Jew-talk beyond and through criticism

By Annie Atura

I can’t help but embark on this monstrously broad piece with a disclaimer. The generalizations and arrogance and (surely) error contained herein demand an apology.  I also sympathize with those who find the signing away of responsibility for what is to follow violently annoying.  Who am I to speak for Jews, or to Jews, regarding speech – and who am I to excuse myself for doing so?  I’m hardly a Jew at all, which perhaps makes me more of a Jew.  Certainly, I have no formal training in the subject of either Jewry or speech, and have conducted no true research.  I didn’t even grow up in a Jewish community.  And yet, in this paper, I aim to share general ideas about the tics and assumptions that enrich – and maybe constitute – the substance of Jewish language.

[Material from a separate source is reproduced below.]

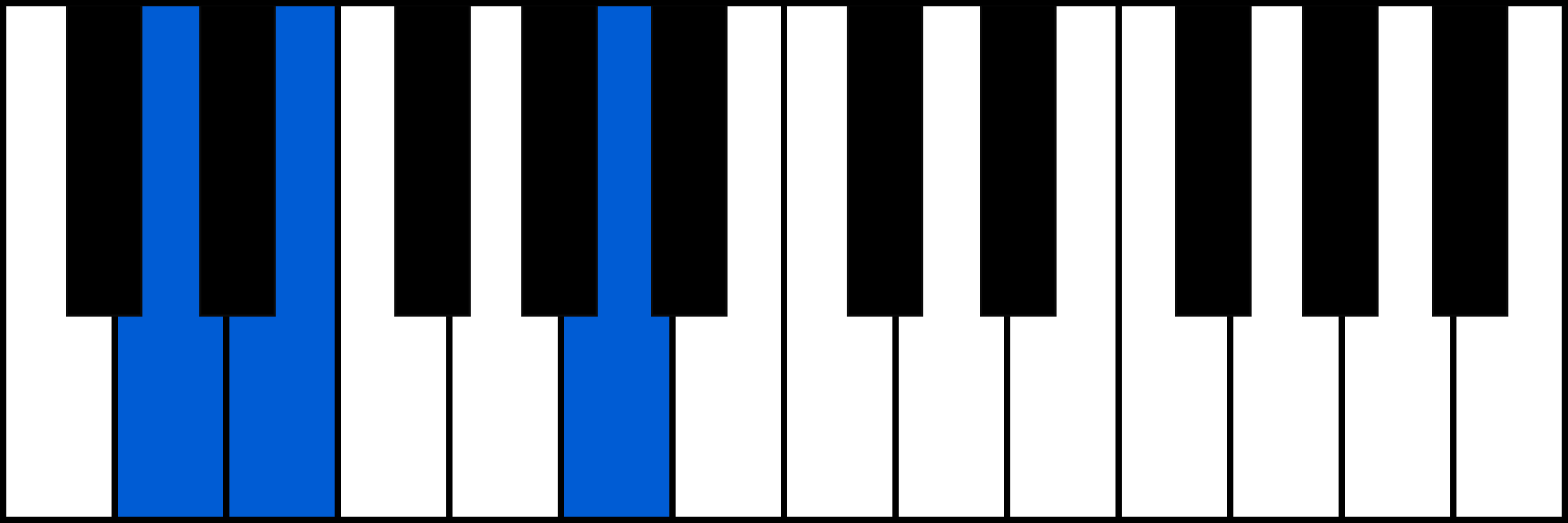 Dsus2 piano chord diagram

Even in the few preceding lines I’ve demonstrated three traditional aspects of Jewish communication: meta-commentary, paradox, and, finally, presumption.  Maybe no one else would find the endeavor I undertake herein presumptuous, and, if so, I’m presumptuous for assuming that they do.  No matter.  We have to start somewhere, and this is the way I know how. I’ll do what I can to assume what I should and apologize for what I shouldn’t.

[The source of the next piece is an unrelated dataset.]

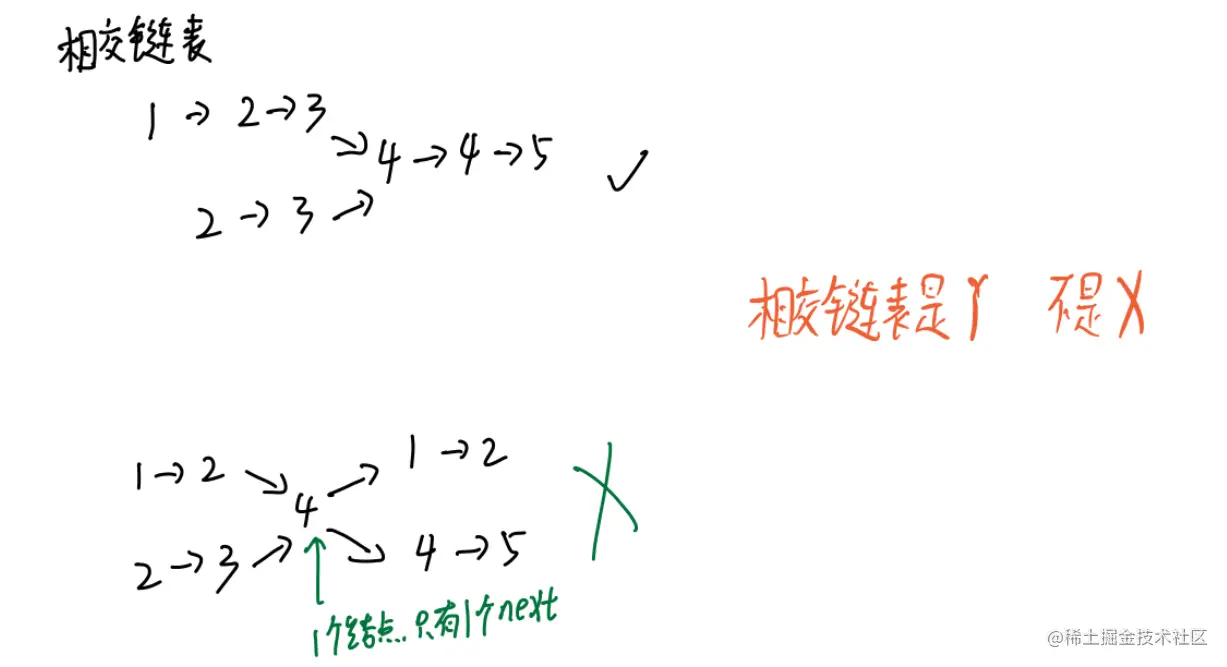 image-20220210164457283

I’m sure there are many books to be written about the connection between Jewish theology and Jewish patterns of speech, but I’m inclined to believe that the connection drawn between the two would only be retroactive – correlative, not causal.  Of course one can find meaning in any preoccupation, and any meaning can be culled from the Bible.  I’m not under the impression that Jewish culture has sprung forth fully formed from our holy texts, like Athena from Zeus.  And if there is, in fact, a hard and fast connection between Jewish theology and thought patterns, it’s unclear which preceded which. If, indeed, our speech and thought patterns came before our theology, the project I undertake here is to access the root of our concept of G-d.  I’m not ready to do that.  Maybe theology is rooted firmly in text, and maybe it’s cultural.  By extension, maybe these cultural patterns are cosmically relevant, and maybe they’re not.  My point is just that I intuitively find them to be cohesive, and for better or worse they’re identified with my notion of Judaism.

In fact, I’ll limit the scope

of the argument further.  Let’s say that this paper describes an orbit of thought attributed, at least, to the writers at Shibboleth: hyper-intellectualized, hyper-self-conscious, hyper Jews.  Extend the observations, reader, as you see fit.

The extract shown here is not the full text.